I'm fairly sure you can use a script, yes. I like to start exploring scripts by making script fields for things like doc['field'].value.class so I can lookup the javadoc of the thing. I'm fairly sure that times come to you as joda's Instant class. So I'm guessing you could do doc['field'].value.toDateTime().monthOfYear().getAsText(). I expect that'd do the conversion in UTC but I'm not sure.

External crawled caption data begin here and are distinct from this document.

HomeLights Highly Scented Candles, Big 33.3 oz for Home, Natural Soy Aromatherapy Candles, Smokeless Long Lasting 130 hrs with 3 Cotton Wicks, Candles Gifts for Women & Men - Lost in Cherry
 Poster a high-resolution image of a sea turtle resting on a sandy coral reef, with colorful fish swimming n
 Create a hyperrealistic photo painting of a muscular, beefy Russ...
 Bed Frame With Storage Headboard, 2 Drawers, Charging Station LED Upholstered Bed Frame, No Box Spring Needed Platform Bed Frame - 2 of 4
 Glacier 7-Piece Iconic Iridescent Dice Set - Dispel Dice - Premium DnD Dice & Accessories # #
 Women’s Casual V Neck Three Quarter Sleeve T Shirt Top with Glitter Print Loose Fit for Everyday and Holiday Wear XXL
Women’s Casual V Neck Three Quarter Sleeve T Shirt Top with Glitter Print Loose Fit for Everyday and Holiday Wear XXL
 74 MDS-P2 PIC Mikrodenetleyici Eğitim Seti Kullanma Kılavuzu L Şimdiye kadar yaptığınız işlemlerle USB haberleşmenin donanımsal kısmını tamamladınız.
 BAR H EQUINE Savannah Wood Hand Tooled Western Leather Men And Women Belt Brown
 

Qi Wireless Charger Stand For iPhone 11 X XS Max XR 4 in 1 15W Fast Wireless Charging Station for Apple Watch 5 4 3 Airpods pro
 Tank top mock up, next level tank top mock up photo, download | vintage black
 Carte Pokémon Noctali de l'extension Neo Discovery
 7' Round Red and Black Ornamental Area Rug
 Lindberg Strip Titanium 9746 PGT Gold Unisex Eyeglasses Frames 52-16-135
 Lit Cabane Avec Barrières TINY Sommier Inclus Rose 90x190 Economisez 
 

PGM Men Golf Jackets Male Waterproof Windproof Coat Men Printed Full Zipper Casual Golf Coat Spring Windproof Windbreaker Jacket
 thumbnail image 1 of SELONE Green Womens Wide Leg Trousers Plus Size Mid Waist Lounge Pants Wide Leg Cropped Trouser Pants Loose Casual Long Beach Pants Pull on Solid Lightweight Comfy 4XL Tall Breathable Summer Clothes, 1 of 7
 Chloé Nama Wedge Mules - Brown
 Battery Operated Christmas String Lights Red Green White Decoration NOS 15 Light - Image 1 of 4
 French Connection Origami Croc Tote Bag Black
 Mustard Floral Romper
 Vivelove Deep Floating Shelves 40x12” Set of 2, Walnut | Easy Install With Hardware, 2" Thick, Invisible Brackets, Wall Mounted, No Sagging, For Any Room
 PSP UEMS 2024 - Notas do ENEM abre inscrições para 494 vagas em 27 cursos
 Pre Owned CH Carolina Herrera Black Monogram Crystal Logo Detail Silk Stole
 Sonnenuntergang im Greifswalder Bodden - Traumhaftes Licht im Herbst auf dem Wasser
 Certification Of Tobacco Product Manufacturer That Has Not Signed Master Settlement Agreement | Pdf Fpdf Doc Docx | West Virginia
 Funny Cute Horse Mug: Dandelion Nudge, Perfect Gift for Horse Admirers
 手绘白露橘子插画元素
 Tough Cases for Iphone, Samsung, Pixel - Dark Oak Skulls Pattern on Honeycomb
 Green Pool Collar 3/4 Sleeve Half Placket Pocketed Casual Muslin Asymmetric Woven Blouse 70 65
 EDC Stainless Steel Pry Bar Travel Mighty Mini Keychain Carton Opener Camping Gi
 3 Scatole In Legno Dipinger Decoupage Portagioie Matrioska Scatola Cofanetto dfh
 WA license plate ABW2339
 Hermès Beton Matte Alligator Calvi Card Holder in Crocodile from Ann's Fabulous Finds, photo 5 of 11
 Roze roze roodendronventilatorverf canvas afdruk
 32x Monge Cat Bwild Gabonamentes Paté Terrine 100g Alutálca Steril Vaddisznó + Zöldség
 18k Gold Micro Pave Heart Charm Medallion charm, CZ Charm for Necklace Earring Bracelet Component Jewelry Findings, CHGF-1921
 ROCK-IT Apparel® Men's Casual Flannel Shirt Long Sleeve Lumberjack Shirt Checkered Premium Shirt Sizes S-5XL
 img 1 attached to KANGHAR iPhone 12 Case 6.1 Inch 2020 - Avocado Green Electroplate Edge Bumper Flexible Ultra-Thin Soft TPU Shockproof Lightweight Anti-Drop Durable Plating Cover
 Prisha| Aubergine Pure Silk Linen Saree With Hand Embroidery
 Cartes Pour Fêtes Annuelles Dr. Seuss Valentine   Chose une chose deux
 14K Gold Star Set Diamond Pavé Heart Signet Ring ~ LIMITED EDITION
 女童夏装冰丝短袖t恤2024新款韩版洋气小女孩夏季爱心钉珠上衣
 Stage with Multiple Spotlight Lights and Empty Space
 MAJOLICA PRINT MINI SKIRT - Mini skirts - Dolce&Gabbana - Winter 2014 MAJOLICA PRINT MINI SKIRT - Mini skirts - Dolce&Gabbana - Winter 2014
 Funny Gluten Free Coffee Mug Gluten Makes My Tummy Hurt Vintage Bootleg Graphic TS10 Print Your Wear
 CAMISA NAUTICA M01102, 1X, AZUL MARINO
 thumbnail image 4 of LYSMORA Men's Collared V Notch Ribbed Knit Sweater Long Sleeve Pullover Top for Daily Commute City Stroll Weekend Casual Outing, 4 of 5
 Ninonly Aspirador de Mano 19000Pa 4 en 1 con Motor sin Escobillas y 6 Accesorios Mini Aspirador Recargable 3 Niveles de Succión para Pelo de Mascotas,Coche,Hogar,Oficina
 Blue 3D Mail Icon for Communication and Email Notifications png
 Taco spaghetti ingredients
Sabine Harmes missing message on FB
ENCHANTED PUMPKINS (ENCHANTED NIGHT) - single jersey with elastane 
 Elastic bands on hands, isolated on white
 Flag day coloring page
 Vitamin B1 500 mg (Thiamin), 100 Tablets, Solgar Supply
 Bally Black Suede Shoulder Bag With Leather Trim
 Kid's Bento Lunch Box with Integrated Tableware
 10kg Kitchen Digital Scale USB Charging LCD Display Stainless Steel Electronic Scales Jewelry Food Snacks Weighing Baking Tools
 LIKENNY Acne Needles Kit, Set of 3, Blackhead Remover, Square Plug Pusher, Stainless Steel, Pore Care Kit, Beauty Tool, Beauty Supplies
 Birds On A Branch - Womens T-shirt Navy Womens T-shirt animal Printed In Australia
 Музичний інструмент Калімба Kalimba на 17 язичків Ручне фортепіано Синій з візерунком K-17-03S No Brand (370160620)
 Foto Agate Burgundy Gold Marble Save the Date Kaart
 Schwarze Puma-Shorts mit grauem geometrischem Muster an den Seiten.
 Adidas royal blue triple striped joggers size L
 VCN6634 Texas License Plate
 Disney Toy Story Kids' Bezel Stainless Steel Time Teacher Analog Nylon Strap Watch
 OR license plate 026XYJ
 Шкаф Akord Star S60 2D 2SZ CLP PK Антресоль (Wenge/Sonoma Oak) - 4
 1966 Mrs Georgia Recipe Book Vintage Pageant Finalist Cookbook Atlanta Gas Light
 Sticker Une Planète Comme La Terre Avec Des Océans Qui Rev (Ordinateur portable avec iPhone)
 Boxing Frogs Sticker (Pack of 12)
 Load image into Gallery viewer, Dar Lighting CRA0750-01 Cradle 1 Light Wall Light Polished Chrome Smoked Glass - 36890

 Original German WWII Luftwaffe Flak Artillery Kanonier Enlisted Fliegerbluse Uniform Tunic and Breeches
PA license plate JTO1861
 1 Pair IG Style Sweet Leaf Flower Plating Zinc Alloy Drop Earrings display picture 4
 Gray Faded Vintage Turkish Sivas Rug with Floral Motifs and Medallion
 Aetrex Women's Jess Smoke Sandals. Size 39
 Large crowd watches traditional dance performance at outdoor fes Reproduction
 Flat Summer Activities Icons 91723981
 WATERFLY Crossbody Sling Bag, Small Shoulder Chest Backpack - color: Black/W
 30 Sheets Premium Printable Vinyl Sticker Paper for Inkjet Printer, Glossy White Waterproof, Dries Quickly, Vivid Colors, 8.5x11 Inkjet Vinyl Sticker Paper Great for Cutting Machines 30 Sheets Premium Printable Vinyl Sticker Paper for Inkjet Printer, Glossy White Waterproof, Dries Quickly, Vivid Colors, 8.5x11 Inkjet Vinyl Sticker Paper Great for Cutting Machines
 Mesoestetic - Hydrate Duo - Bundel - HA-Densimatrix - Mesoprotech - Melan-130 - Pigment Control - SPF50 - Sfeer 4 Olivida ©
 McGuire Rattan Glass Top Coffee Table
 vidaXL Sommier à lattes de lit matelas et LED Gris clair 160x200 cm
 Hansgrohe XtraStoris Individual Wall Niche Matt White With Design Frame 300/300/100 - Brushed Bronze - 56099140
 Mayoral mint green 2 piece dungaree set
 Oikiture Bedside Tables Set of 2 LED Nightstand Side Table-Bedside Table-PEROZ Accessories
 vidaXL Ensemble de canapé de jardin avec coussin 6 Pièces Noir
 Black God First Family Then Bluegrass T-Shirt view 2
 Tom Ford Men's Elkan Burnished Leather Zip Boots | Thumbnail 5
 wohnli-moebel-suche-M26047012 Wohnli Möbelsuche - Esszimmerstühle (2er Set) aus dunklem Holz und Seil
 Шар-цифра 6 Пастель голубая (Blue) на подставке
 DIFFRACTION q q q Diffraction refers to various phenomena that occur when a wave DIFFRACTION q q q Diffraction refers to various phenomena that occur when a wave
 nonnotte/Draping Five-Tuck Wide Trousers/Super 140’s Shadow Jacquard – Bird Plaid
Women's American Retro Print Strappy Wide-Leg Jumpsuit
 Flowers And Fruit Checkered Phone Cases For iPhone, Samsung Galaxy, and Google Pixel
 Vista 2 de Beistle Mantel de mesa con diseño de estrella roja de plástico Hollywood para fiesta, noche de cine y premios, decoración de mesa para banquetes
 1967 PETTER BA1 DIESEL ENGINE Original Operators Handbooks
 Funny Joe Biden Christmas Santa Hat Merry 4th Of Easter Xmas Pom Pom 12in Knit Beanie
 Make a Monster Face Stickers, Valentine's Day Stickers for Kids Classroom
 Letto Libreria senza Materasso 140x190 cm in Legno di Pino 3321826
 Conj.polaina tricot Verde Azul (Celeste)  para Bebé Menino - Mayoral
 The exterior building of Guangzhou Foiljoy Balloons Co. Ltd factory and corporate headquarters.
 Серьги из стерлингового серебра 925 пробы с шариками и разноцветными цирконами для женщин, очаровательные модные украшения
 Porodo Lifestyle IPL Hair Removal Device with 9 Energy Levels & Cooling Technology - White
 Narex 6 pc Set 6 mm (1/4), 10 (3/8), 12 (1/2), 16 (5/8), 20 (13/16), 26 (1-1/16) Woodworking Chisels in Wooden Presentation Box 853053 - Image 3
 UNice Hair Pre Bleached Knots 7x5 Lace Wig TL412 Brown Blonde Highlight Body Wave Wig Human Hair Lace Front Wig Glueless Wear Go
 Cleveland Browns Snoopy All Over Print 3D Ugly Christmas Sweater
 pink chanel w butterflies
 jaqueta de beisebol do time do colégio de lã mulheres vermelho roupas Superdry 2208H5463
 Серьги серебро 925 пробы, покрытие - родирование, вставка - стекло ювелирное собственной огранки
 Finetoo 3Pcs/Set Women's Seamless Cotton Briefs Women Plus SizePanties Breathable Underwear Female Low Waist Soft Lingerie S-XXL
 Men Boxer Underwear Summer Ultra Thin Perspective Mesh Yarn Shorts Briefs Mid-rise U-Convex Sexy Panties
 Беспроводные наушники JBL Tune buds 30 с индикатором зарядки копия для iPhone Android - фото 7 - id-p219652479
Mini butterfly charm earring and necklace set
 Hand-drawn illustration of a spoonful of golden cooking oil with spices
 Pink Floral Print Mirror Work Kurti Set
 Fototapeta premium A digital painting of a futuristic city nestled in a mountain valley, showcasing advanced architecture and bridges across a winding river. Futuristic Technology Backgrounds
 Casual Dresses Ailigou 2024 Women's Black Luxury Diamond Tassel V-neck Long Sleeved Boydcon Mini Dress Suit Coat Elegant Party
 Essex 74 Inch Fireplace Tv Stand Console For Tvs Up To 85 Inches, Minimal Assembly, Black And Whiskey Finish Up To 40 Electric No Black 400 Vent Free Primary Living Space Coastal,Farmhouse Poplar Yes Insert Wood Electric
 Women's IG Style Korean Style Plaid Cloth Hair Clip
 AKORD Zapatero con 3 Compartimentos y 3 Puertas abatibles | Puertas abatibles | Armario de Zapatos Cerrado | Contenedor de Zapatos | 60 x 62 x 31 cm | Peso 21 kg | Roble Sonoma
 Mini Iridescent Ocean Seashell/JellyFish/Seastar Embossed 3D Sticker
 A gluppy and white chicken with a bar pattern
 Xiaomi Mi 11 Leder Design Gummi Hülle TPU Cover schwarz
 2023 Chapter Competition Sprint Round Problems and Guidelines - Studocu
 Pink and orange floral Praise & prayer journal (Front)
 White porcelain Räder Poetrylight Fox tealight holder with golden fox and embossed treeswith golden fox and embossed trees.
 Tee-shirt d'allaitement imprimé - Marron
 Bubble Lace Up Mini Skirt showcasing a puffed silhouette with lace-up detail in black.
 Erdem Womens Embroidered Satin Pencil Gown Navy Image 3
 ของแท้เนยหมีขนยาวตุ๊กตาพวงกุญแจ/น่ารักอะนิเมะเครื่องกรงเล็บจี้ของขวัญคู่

@nik9000 thats great, I played around with it but unfortunately datetime fields are stored as longs, but you can still use Joda (at least with groovy scripts). I got the following working, might be what @living_jordi is looking for:

PUT /sales/t/1
{
  "date" : "2015-01-01"
}

PUT /sales/t/2
{
  "date" : "2015-02-01"
}

PUT /sales/t/3
{
  "date" : "2016-01-01"
}

PUT /sales/t/4
{
  "date" : "2011-01-01"
}

GET /sales/t/_search
{
  "aggs": {
    "group_by_month": {
      "terms": {
        "script": "def opDate = new DateTime(doc['date'].date); opDate.getMonthOfYear()",
        "order": {
          "_term": "asc"
        }
      }
    }
  }
}

==>

  "aggregations": {
    "group_by_month": {
      "doc_count_error_upper_bound": 0,
      "sum_other_doc_count": 0,
      "buckets": [
        {
          "key": "1",
          "doc_count": 3
        },
        {
          "key": "2",
          "doc_count": 1
        }
      ]
    }
  }

In terms of performance, storing the month as a separate field during indexing will still be faster though (provided you don't already have all your docs indexed and can't update them), no?

Thanks for that! There are lots of things I wasn't thinking of that you solved there.

I dunno if it'd be worth restoring everything with the months pulled out. You'd make the index larger and reduce disk locality a bit to save running the script and the allocations it causes. If this isn't something that you do all the time I'd be happy with the script.

Now if you had to search by month, that is a different story!